We did a short hike up a prominent cinder cones. These tend to form from Gas rich, silica poor magmas and appear to be piles of little rocks some of which fused together. Gas pressure ejects bits of molten lava that then cool in the air and pile along all sides of the volcanic vent. While often this results in
Often, climbing cinder cones is slow going: the ground gives way underfoot and it's 2 steps forward, 1 step back. Here the issues was a biting cold wind out the west. We lingered up at the summit longer than many to take in the intensity of this moment and gaze at the various lava flows. The vents do form a rough chain parallel to some long buried part of the rift, and other cone of various lava textures are found on all sides. To the south the lava flows extend into forever. Rain was approaching and began to fall horizontally. this had the benefit of diminishing any crowds that might have been there previously, but also inspired our own descent.

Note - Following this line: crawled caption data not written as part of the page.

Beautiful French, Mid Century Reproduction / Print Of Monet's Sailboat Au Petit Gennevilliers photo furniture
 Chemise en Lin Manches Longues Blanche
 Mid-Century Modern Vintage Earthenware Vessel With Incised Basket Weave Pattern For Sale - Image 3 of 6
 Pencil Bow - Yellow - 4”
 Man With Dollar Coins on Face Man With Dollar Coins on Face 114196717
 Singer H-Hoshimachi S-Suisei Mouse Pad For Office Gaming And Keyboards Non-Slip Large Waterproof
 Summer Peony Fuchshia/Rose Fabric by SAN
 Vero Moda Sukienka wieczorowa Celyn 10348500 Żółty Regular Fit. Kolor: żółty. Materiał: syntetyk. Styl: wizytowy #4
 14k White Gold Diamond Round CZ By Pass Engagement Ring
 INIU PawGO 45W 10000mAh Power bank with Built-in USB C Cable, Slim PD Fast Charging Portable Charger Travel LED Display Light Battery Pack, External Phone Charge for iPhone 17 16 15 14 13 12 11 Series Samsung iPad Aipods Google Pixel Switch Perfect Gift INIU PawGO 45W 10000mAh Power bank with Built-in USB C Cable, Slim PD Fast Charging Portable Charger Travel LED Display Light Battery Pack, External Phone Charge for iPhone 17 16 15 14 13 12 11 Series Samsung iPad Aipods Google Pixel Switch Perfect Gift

Our last stop in Craters of the moon was a splatter cone, where the lava was touch goopier, but still gassy. this was a much lower relief feature, easily accessed by a short path. Inside a lava tube extended to great depths. Apparently this park has some of the deepest lava tubes in the world. As tectonics continues to rework them, however there are many safety issues with exploration. Many were in fact closed following a recent earthquake. we lingered for a brief moment and then moved on.
Snake river plain revisited
As seems often the case we had a lot more ground to cover before our next lodging and promises to keep. We set out from Arco ID (pictured above) and across the snake river plain. Quickly we went from mounatains shrouded in mist to an empty bleak plain devoid of much except less impressive examples of the lava forms we had been witnessing earlier. Indeed the flatness of this, especially the absence of even creeks added to a sense of monotony. Somewhere we passed the Idaho National laboratory. All around us fences discouraged any exploration of the lab's grounds. In the distance to our south, a rhyloite butte reveled our first sighted remnant of the Yellowstone Hot spot track.
As you look at these, think: they are the eroded remnants of something that may have looked a bit like modern day Yellowstone 10 million years ago.